PROBLEM DESCRIPTION>
Every line from the one with "No more tissues." through the last line below should be repeated exactly; pictures stay out of the copy.

(Dataset entries)
════════════════════

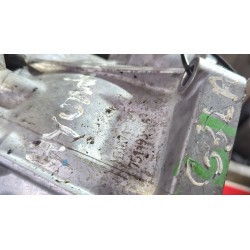 Recambio de caja cambios manual para hyundai i10 ii (ba, ia) 1.0 referencia OEM IAM MD1671PT  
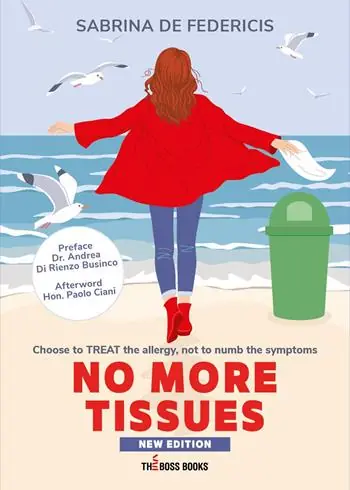 No more tissues. Choose to Treat the allergy, not to numb the symptoms Vendita Finale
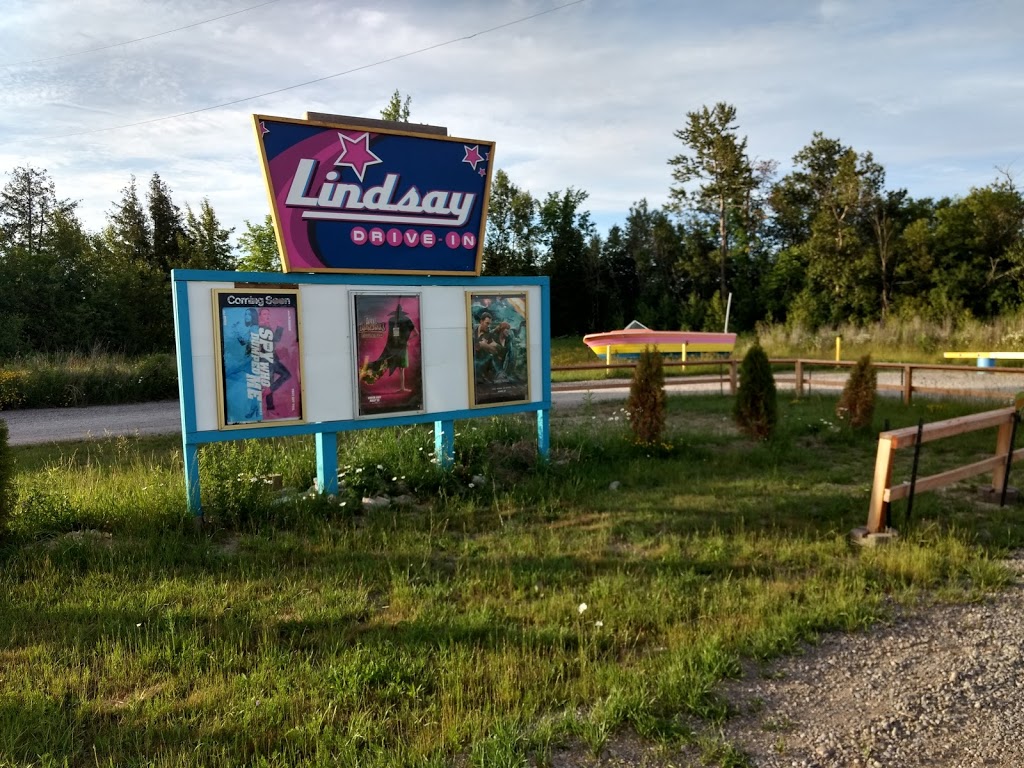 Lindsay Twin Drive-In Theatre | 229 Pigeon Lake Rd, Lindsay, ON K9V 4R6, Canada | Phone: (705) 340-6666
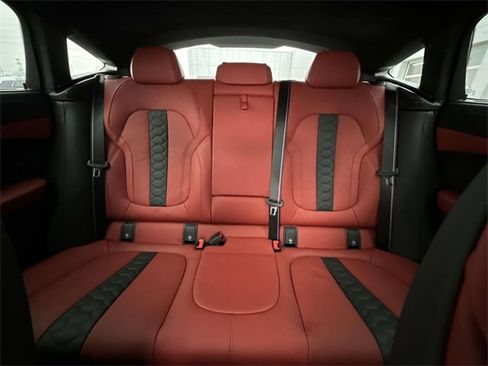 Used 2025 BMW X6 M Competition w/ Executive Package image 55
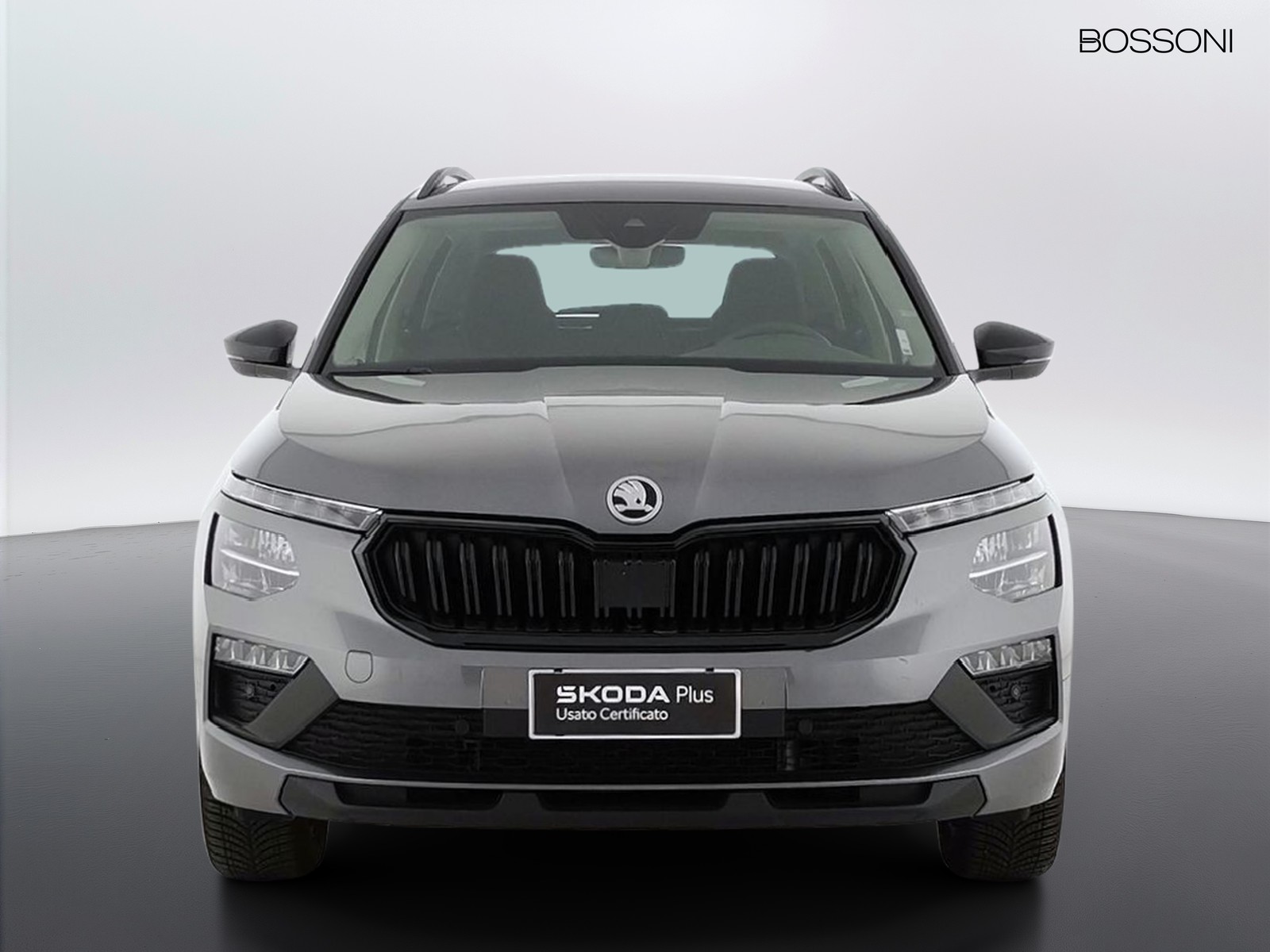 2 - Skoda Kamiq 1.0 tsi 115cv black dots dsg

════════════════════

RESPONSE BELOW>
 No more tissues. Choose to Treat the allergy, not to numb the symptoms Vendita Finale
 Lindsay Twin Drive-In Theatre | 229 Pigeon Lake Rd, Lindsay, ON K9V 4R6, Canada | Phone: (705) 340-6666
 Used 2025 BMW X6 M Competition w/ Executive Package image 55
 2 - Skoda Kamiq 1.0 tsi 115cv black dots dsg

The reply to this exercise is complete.